We can examine that variation by estimating the intercept and the slope of the frequency effect separately using the data for each participant alone. We can start by visualizing the frequency effect for each child in a grid of plots, with each plot representing the $\text{RT} \sim \text{frequency}$ relationship for the data for a child (Figure 3).

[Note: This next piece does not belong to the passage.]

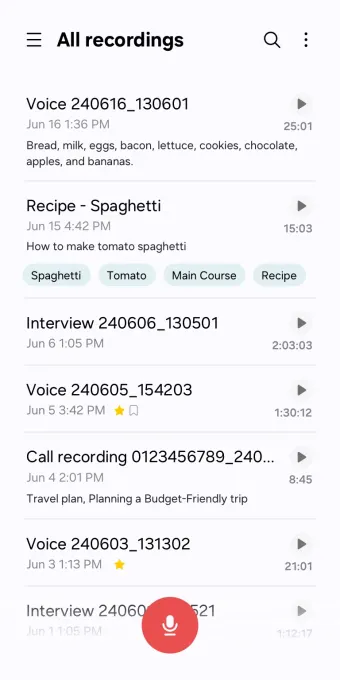 Voice Recorder screenshot 1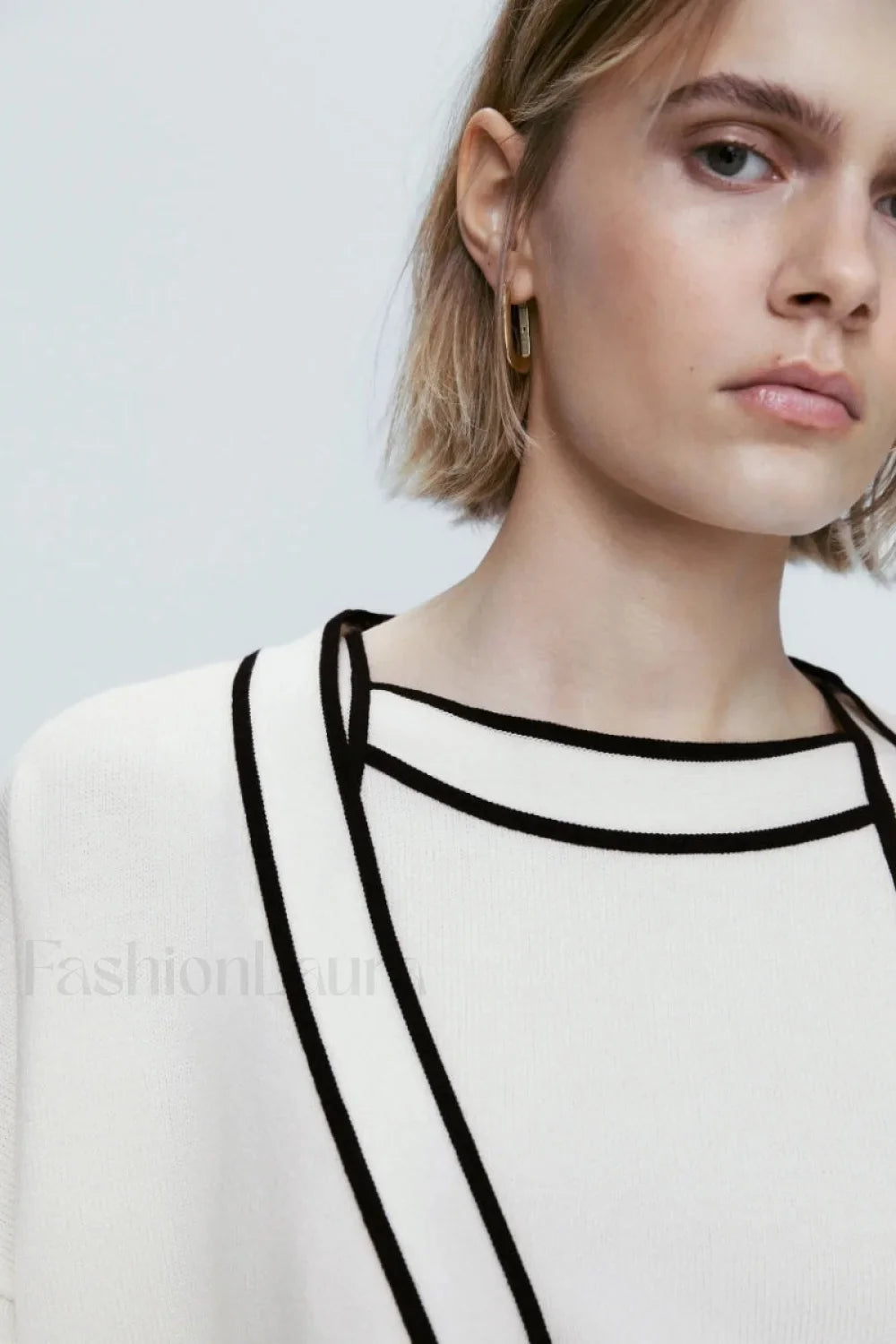 Contrast Knit College Cardigan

We looked at how the plotting code works in ?@sec-multi-plot-lattice.

long.all.noNAs %>%
  ggplot(aes(x = Lg.UK.CDcount, y = RT)) +
    geom_point(alpha = .2) + 
    geom_smooth(method = "lm", se = FALSE, size = 1.25, colour = "red") + 
    theme_bw() + 
    xlab("Word frequency (log10 UK SUBTLEX CD count)") + 
    facet_wrap(~ subjectID)

The figure shows a grid of scatterplots. In each plot, each point represents the lexical frequency (on the x-axis) and the reaction time (RT, on the y-axis) of responses made by children to a set of words. A red line is drawn through the points, indicating that RT decreases for higher values of frequency. A different plot is shown to represent the data for each child. Between plots, we can see that the potential association between RT and frequency can vary. — Figure 3: RT vs. word frequency, considered separately for data for each child

Figure 3 shows how, on average, more frequent words are associated with shorter reaction time: faster responses. The plot further shows, however, that the effect of frequency varies considerably between children.

Some children show little or no effect; the best fit line is practically level.
Some children show a marked effect, with a steep fit line indicating a strong frequency effect.

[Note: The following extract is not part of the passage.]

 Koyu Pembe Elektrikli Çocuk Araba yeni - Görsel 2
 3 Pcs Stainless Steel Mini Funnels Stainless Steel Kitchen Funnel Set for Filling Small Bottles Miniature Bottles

We can get more insight into the differences between children if we plot the estimated intercept and frequency effect coefficients for each child directly. This allows more insight because it focuses the eye on the differences between children in the estimates. We do this next: see Figure 4. (I work through the code for generating the plot in: 02-mixed-workbook-with-answers.R)

The figure presents two scatterplots: on the left, a plot presenting estimates of intercepts (shown as points, with lines representing standard errors); on the right, a plot presenting estimates of slopes for the effect of frequency on RT (shown as points, with lines representing standard errors). The estimates clearly vary between children. — Figure 4: Estimated intercepts and frequency effect slopes calculated for each child’s data, with child data analysed separately for all children. Points represent estimates. Lines represent standard errors for estimates. Point estimates are presented in order of size.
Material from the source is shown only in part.